▶ Supplied material
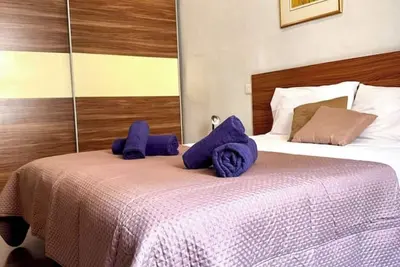 Image de Traditional Apartment St Julian 150m from the Sea, 3 beds 3 baths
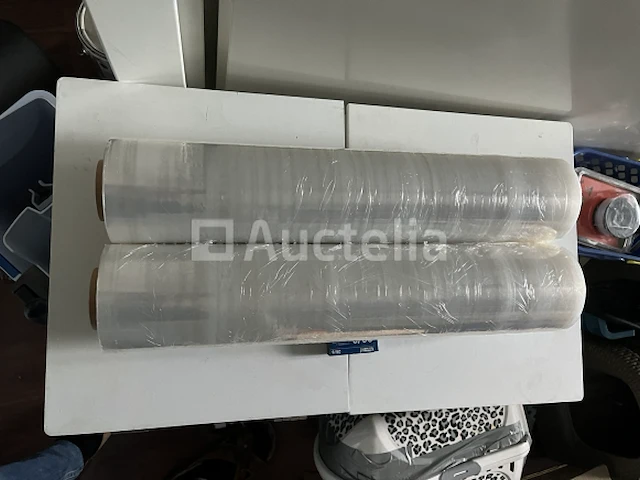 2 rollen krimpfolie - afbeelding 1 van  2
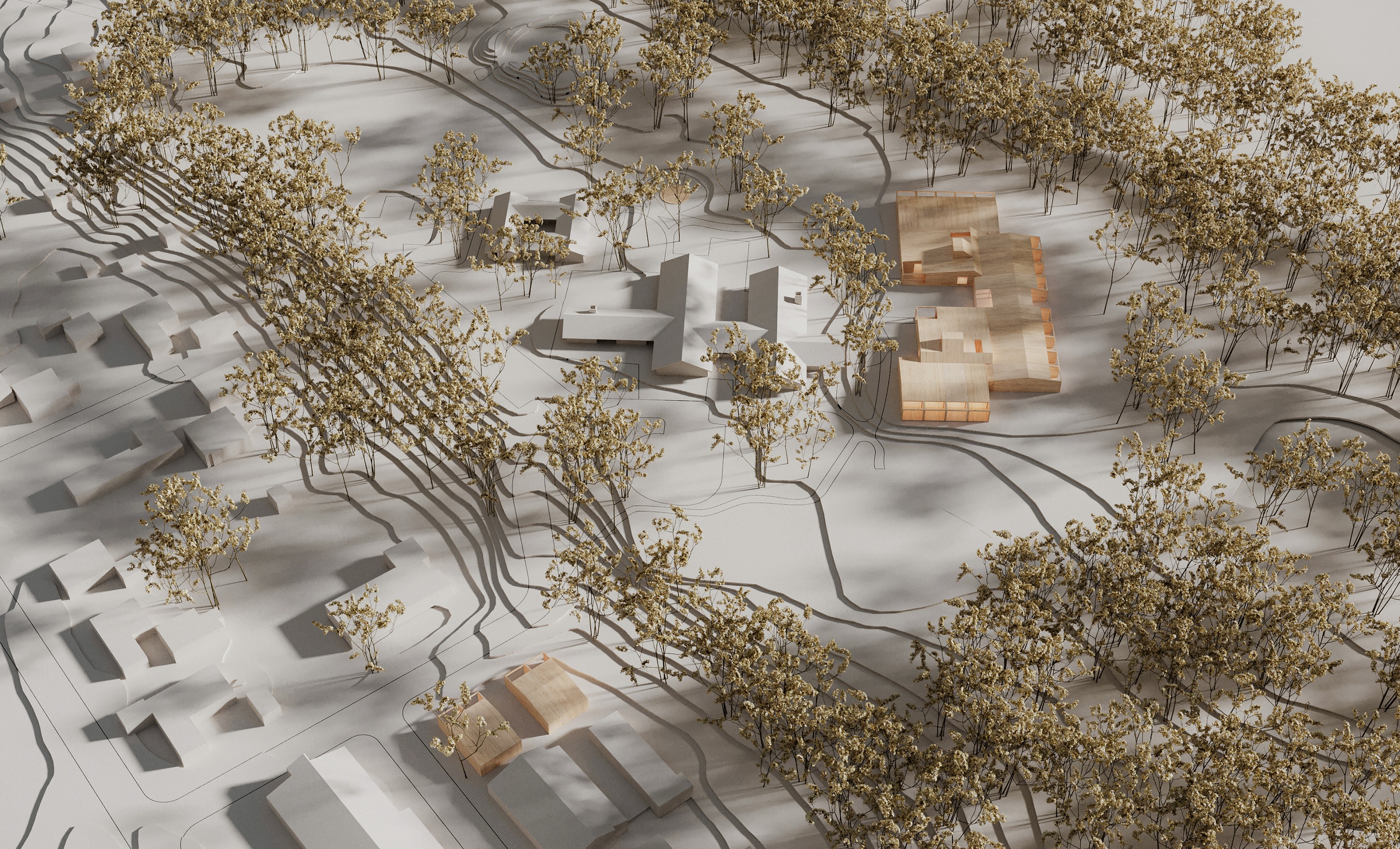 Skal bygges efter EU-taksonomiens strenge miljøstandarder: Tidligere kursuscenter genopstår som moderne autismeboliger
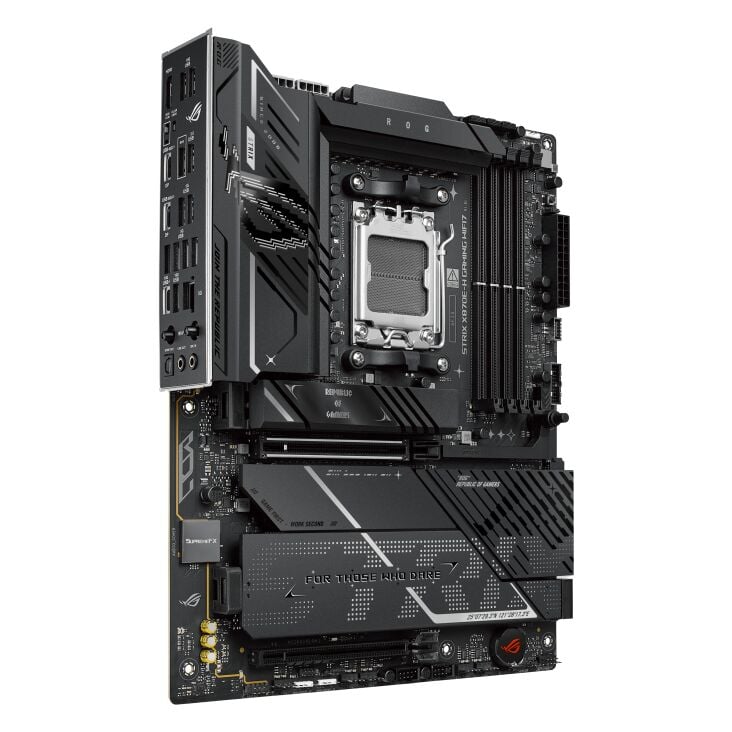 ASUS ROG STRIX X870E-H GAMING WIFI7 AMD AM5 DDR5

▶ Problem details
Every line above should be transcribed word for word; leave the pictures out.

▶ Task output
 Image de Traditional Apartment St Julian 150m from the Sea, 3 beds 3 baths
 2 rollen krimpfolie - afbeelding 1 van  2
 Skal bygges efter EU-taksonomiens strenge miljøstandarder: Tidligere kursuscenter genopstår som moderne autismeboliger
 ASUS ROG STRIX X870E-H GAMING WIFI7 AMD AM5 DDR5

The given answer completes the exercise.